Segment Start: SOURCE DATA

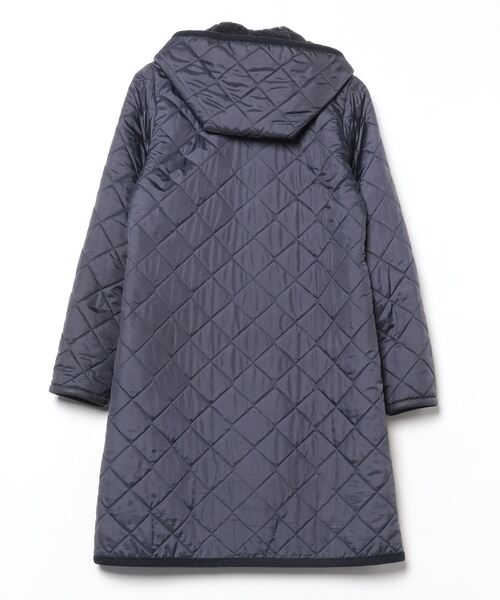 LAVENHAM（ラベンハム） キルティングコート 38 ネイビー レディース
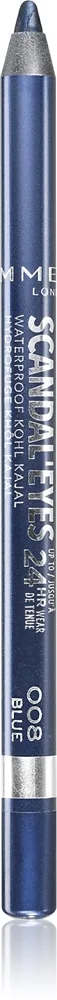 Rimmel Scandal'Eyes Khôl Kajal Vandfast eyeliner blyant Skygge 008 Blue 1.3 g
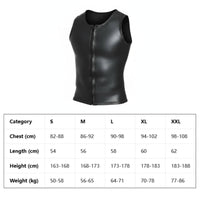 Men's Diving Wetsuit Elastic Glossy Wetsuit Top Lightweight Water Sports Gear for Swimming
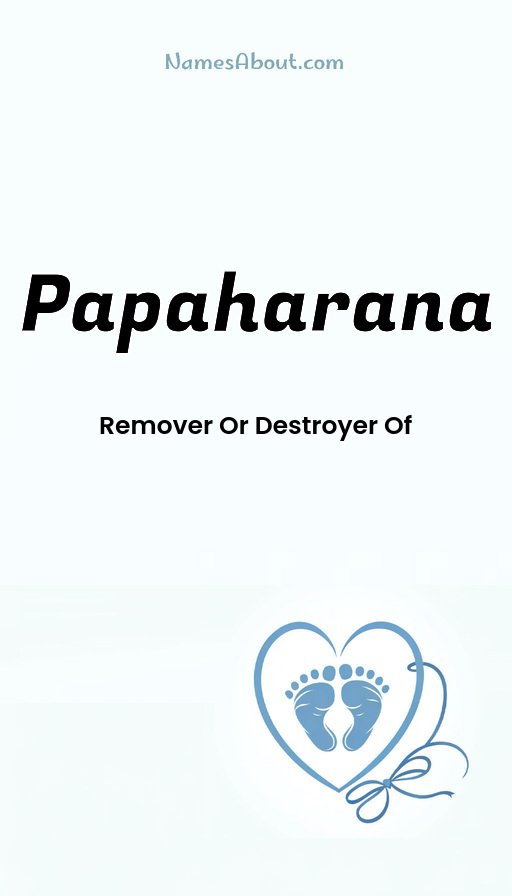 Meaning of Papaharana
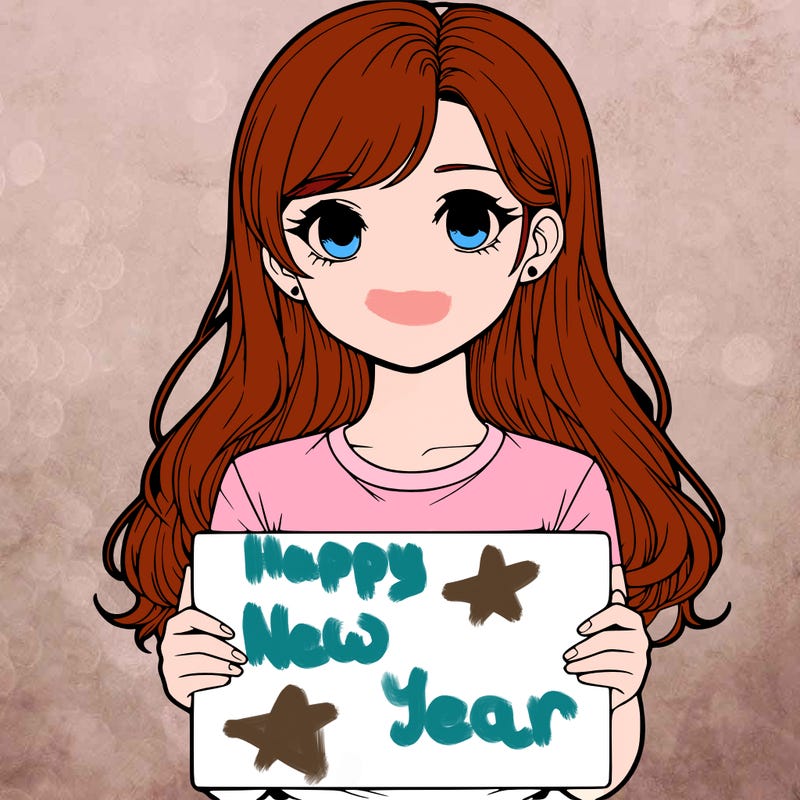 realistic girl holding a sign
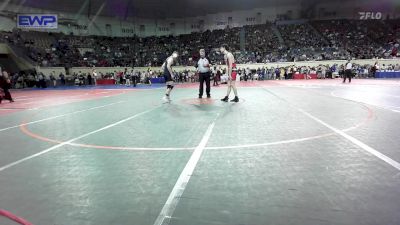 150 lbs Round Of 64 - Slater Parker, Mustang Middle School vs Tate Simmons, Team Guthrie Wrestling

Segment End: SOURCE DATA

EXERCISE DIRECTIONS. All lines from the one containing "Rimmel Scandal'Eyes Khôl" through the final line of the entries above are to be copied exactly; the pictures are not.

YOUR RESPONSE.
 Rimmel Scandal'Eyes Khôl Kajal Vandfast eyeliner blyant Skygge 008 Blue 1.3 g
 Men's Diving Wetsuit Elastic Glossy Wetsuit Top Lightweight Water Sports Gear for Swimming
 Meaning of Papaharana
 realistic girl holding a sign
 150 lbs Round Of 64 - Slater Parker, Mustang Middle School vs Tate Simmons, Team Guthrie Wrestling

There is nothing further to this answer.